** Exercise input follows **

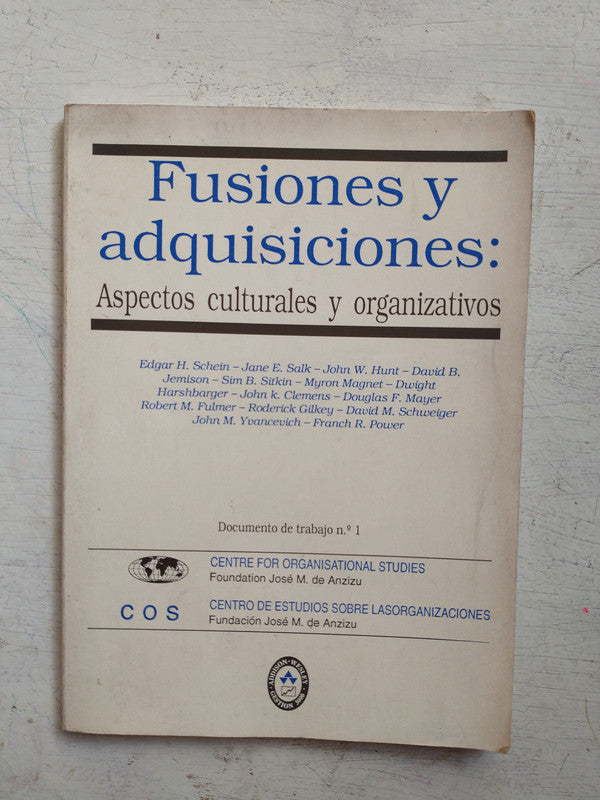 Libro usado en venta: Fusiones y adquisiciones: Aspectos culturales y organizativos; editorial Addison-Wesley impreso en 1990 envios a todo el mundo.1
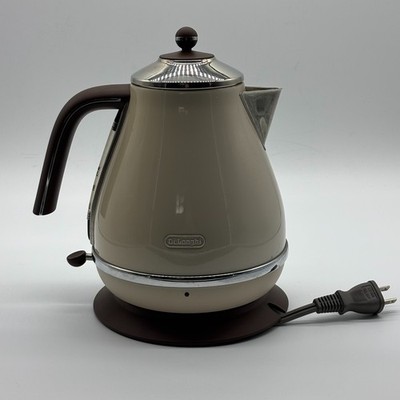 DeLonghi Electric Kettle Beige Brown Retro Style KBOV1200J-BG Tested Working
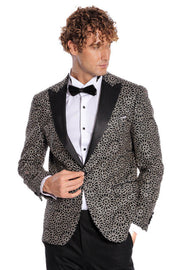 Flower Embroidered Pattern Black Men Prom Blazer - Wessi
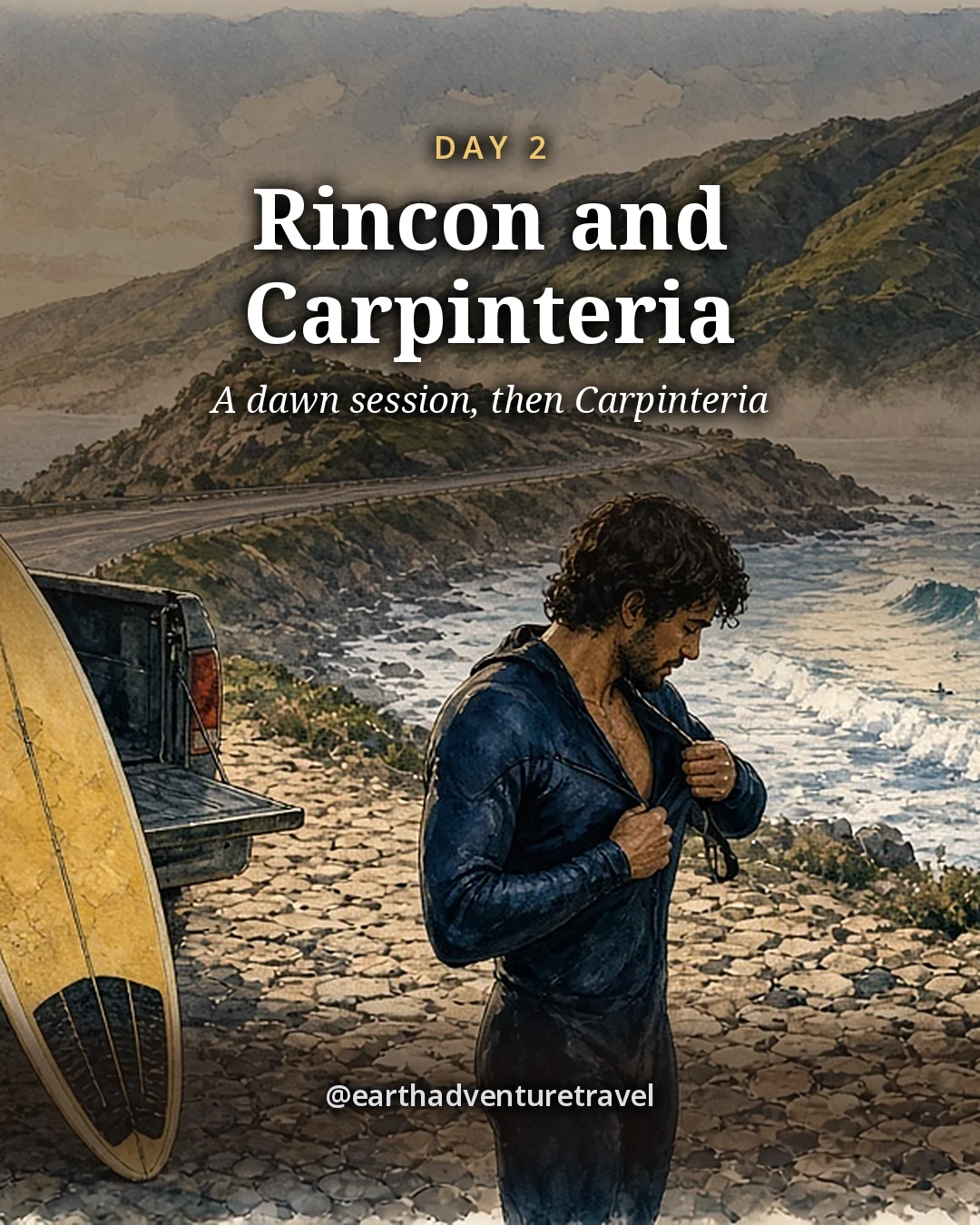 Illustration: one surfer pulling on a wetsuit at the open tailgate of a pickup truck above a cobblestone point at dawn, lines of swell wrapping around Rincon Point, illustrated day card for Day 2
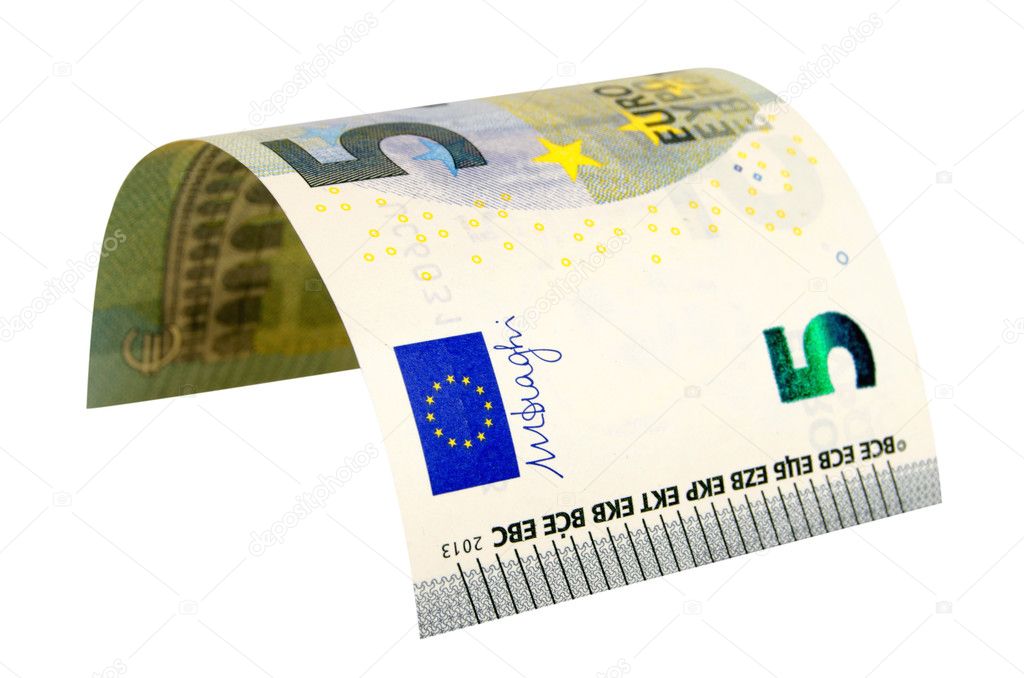 Billete de cinco euros sobre un fondo blanco Fotografía de stock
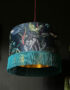 Handmade Fringed Velvet Lampshade with Gold Lining in Twilight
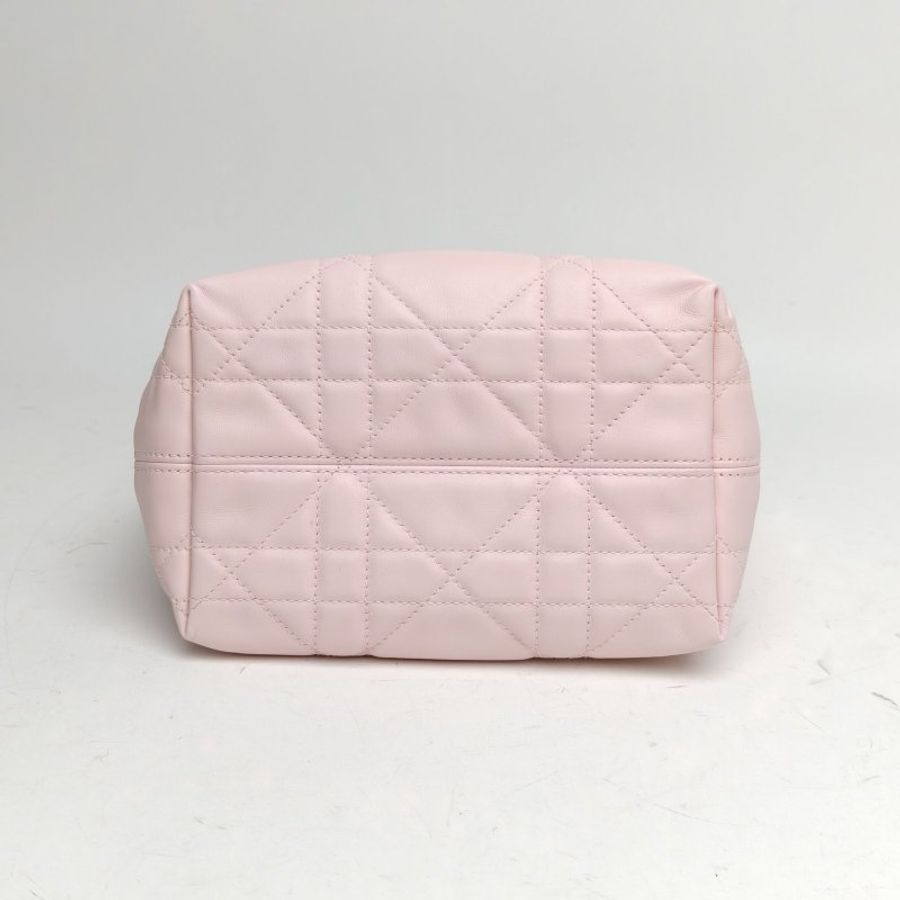 DIOR Toujours竖版小号16粉色牛皮金扣肩背包-4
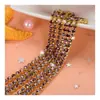 Cadena de Garra Plateada Base Colorida 4MM Cadena de Garra Dorada Encriptada Cadena de Pedrería Accesorios para Ropa Decoración de Sombrero Cadena de Pedrería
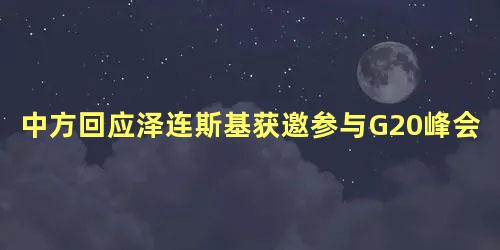 中方回应泽连斯基获邀参与G20峰会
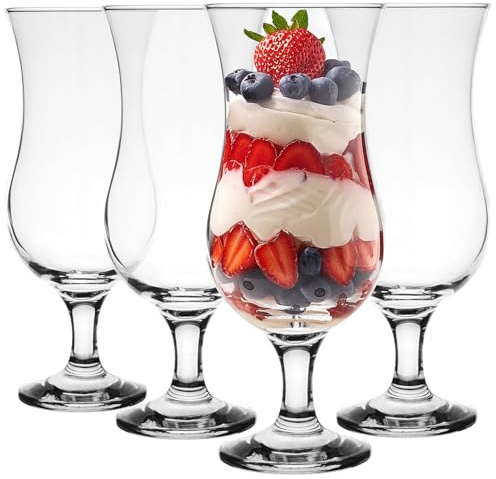 Glasmark Krosno Lot de 4 verres à cocktail Long Drink Cocktail Gin Bière Eau Long Drink Verres à cocktail Verre à eau Verre à smoothie Dessert Passe au lave-vaisselle Transparent 4 x 420 ml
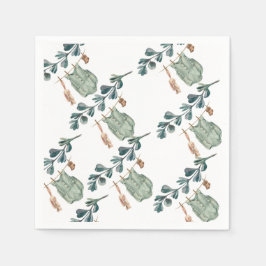 Neutral Boho | Wasserfarben-Babydusche Serviette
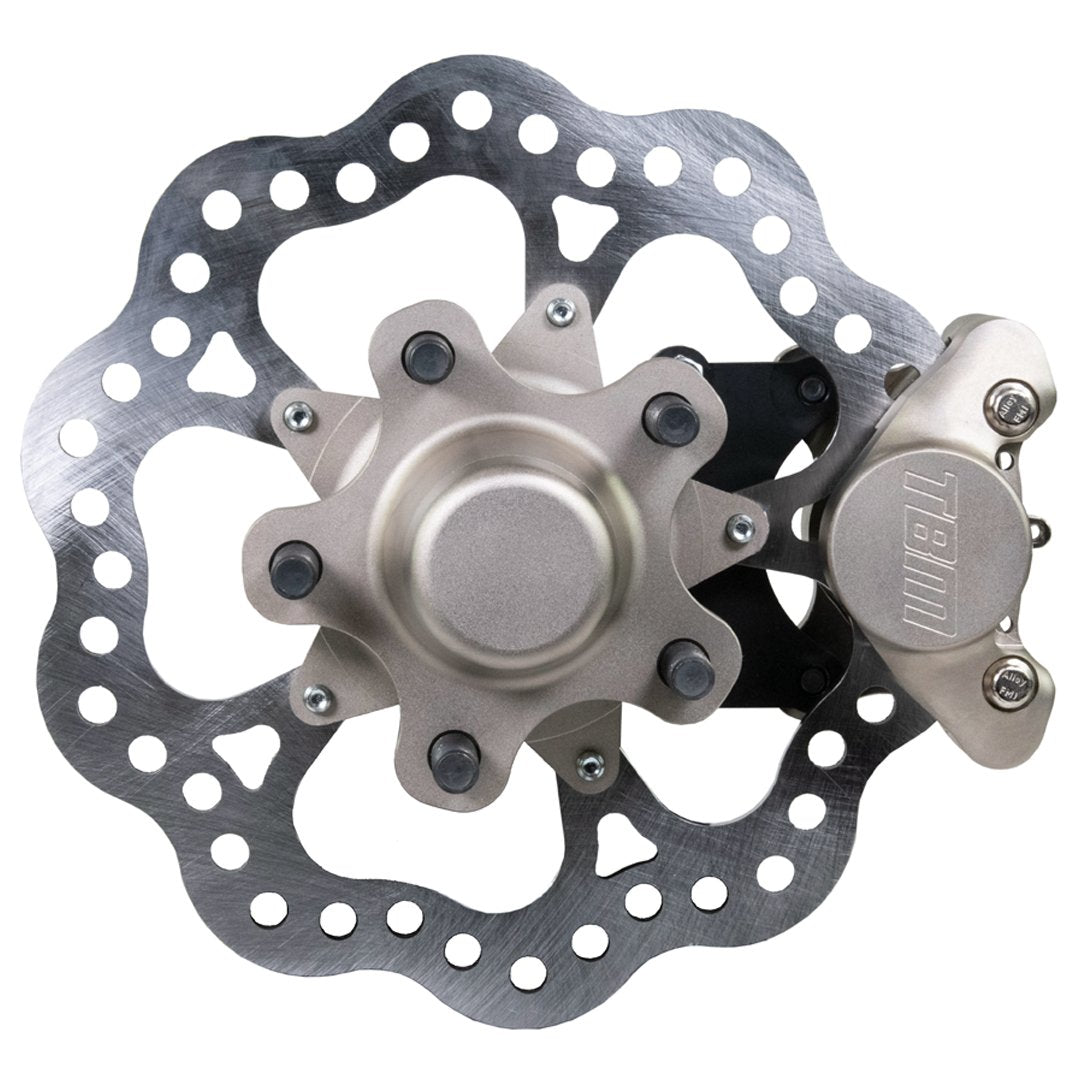 TRZ 328-32 (79-81 Camaro/79 Nova) Stock Height Billet Spindle Lightweight 2 Piston Front Brake Kit - Motion Raceworks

** End of Exercise input **

Write out only the lines from the line containing "中方回应泽连斯基获邀参与G20峰会" through the end of the material above, both end lines included. Pictures are not written out.

 中方回应泽连斯基获邀参与G20峰会
 Glasmark Krosno Lot de 4 verres à cocktail Long Drink Cocktail Gin Bière Eau Long Drink Verres à cocktail Verre à eau Verre à smoothie Dessert Passe au lave-vaisselle Transparent 4 x 420 ml
 Neutral Boho | Wasserfarben-Babydusche Serviette
 TRZ 328-32 (79-81 Camaro/79 Nova) Stock Height Billet Spindle Lightweight 2 Piston Front Brake Kit - Motion Raceworks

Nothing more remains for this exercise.